Sólo verlo en la foto de la escuela, guardapolvos impecable, jopo revuelto que lo caracterizaría de por vida, la mirada pícara mientras le apuntaba un codo al compañerito de al lado, y te dabas cuenta que (ya entonces) era el gordo hijo de puta en que se convertiría de grande.
Hay momentos claves en la vida, esos actos que lo definen todo. En el caso del Gordo fue esa vez que lo agarraron copiándose en el colegio. La travesura, para otros un incidente en el margen, fue premonitorio. Porque el Gordo, con el mayor desparpajo, lejos de pedir perdón y aceptar avergonzado las consecuencias de su acto, redobló la apuesta y, ante sus padres y la Directora, acusó a la Profesora de mala intención y de que, con clara intencionalidad, revisó su banco, en vez de la de los otros compañeros de curso, por manifiesta animadversión a su persona, lo que invalidaba toda prueba obtenida.
“Lo que estamos discutiendo acá” alzó la voz golpeándose el pecho “Es si alguien tiene el derecho a prejuzgar. Sin ningún motivo, sin ningún hecho objetivo, se me examinó por la presunción infundada de que me estaba copiando. Que lo estuviera haciendo o no, no es motivo de análisis. La discusión es cuán fundada estaba esta presunción y qué valor tienen las pruebas recogidas en tal estado inicial violatorio de la legalidad”.
El léxico utilizado, la cadena lógica de razonamiento, la concatenación de ideas, el despliegue de conceptos jurídicos y el grado de desfachatez, auguraban su futuro promisorio de abogado.
No sólo no le hicieron nada por pescarlo copiándose; también logró que le iniciarán sumario administrativo a la profesora.
Ése día, el Gordo Baez aprendió para que era bueno: había nacido para zafar. Y se propuso zafar para el resto de su vida.
Desde entonces, su derrotero fue en línea ascendente. Se recibió pirateando las materias finales, se dedicó a carroñear en casos mediáticos y embarulló Tribunales hasta hacerse conocido como un abogado de varias cifras de honorarios.
Supo tener mujer, dos hijos, tres amantes; cagó a sus socios y se quedó con el Estudio Jurídico, quebró la empresa que heredó de su viejo e hizo una buena diferencia que invirtió en Miami.
Era el tipo ideal para invitarlo a un asado pero al que no le confiarías ni diez minutos a tu perro. En eso se convirtió el Gordo Báez, un zafador serial.
Pero hubo un día en que la vida lo paró en seco y se creyó que se iba a cortar la suerte. Su tos crónica de fumador se convirtió, exámenes mediantes, en un cáncer de pulmón. Y no era de los mejores cánceres para zafar.
Contra la pared, en largas sesiones de quimio, putéandose por su adicción al tabaco, jurando que no iba a volver a tocar un cigarrillo si zafaba de ésta, lloró su enfermedad en soledad. Apenas lo visitó su secretaria, más para saber cómo llevaría los casos pendientes de estudio si pasaba algo que por algún atisbo de preocupación en su salud.
Contra todo pronóstico, el ahora ex Gordo Baez capeó el temporal y llegó vivo al final del tratamiento.

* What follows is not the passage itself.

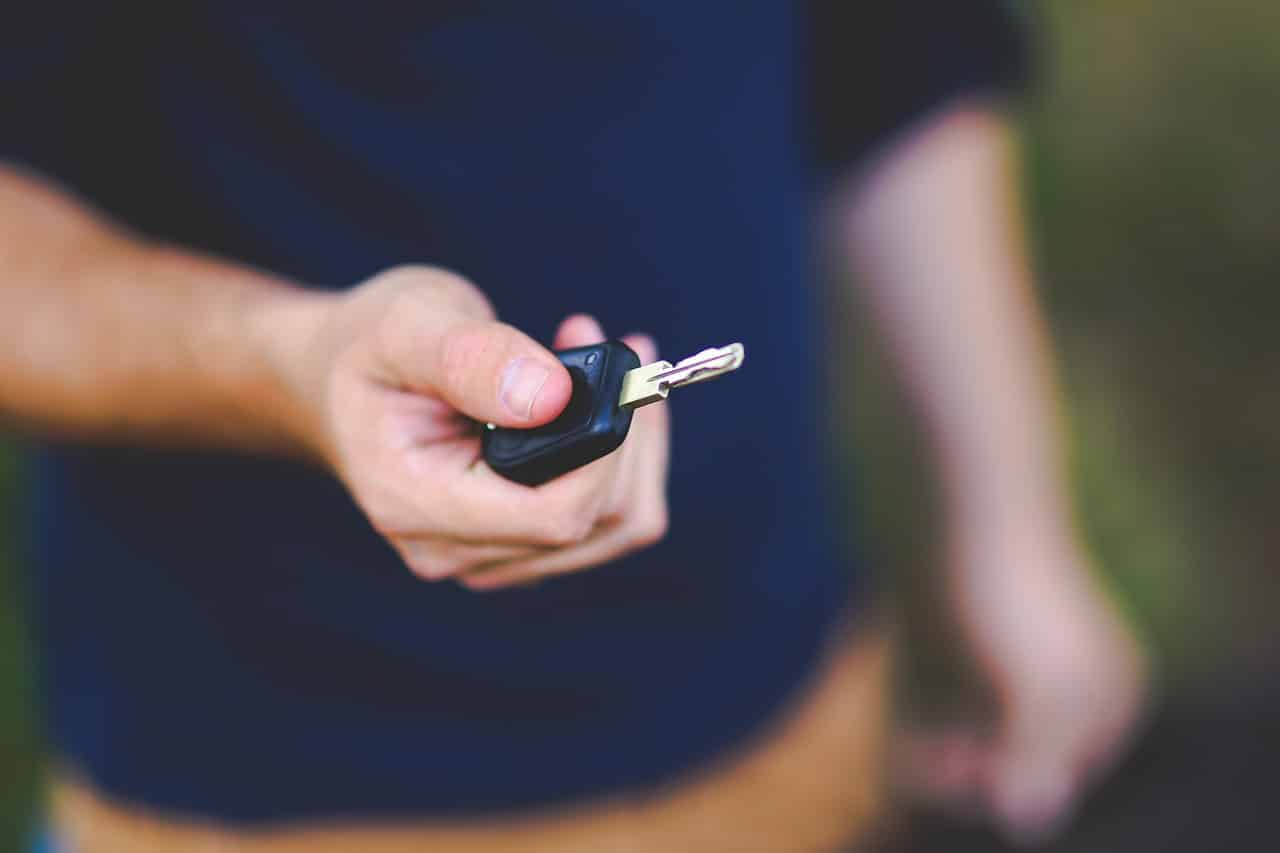 Comment vendre une voiture au nom de l'ancien propriétaire ?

Tambaleándose en el pasillo del consultorio, apoyándose en las paredes, escuchó que el cáncer estaba en remisión y que parecía que, también esta vez, había zafado.

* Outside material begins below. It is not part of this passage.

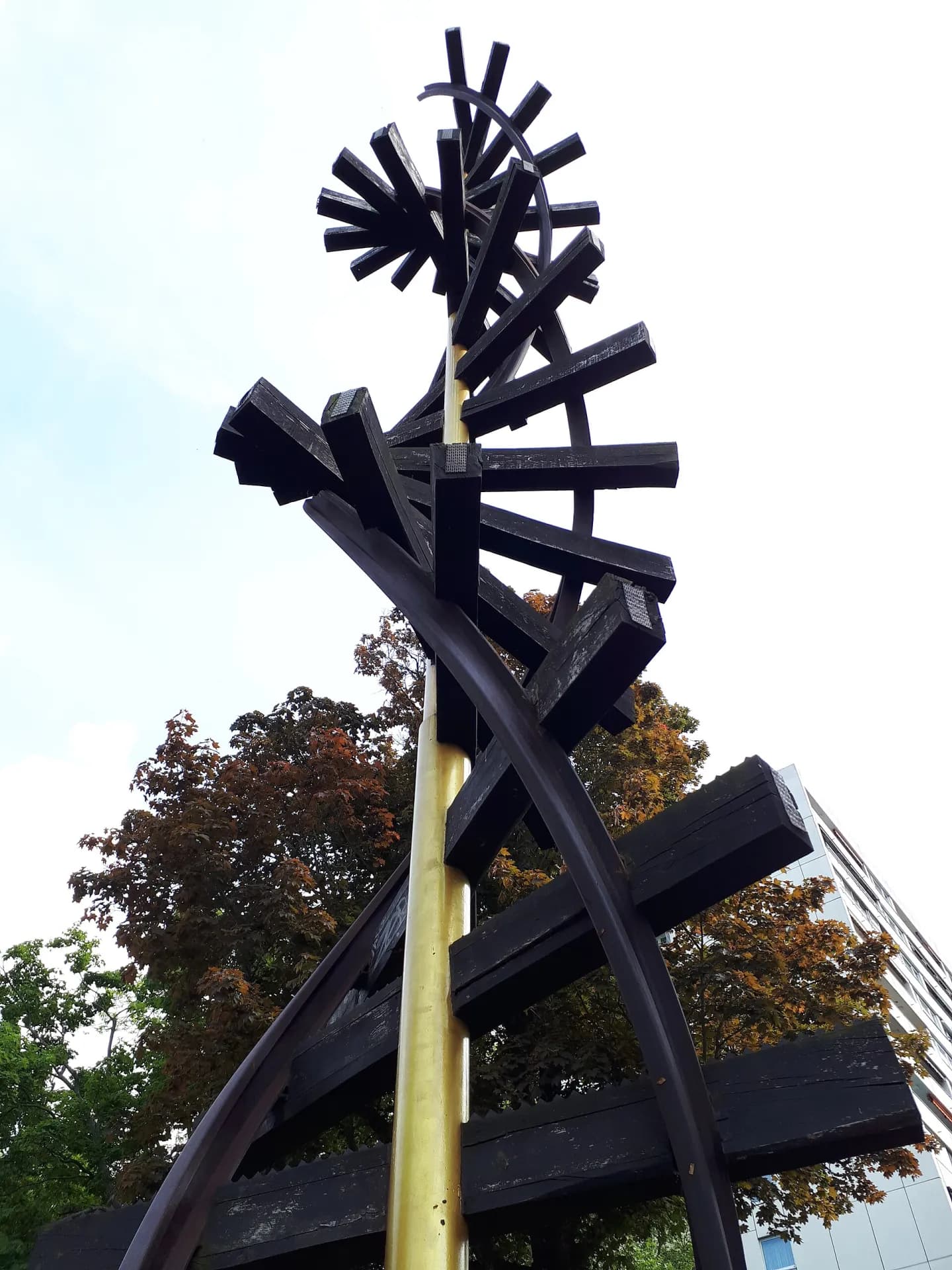 Doppelhelix-Skulptur aus der Untersicht in Offenbach-Hafen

Sonrió, con la misma sonrisa de gordito hijo de puta que lo caracterizaba de chico, y supo que su estrella era zafar.
No. Ni un cáncer agresivo lo iba a doblegar. Había nacido para esto: zafar.
Ya en la calle, el mundo le pareció un lugar chiquito, sin desafíos, totalmente a su merced.
Sacó un faso, lo prendió y fumó con esa sonrisa. Una y otra vez.
Y cruzó la calle donde se lo llevó puesto un colectivo.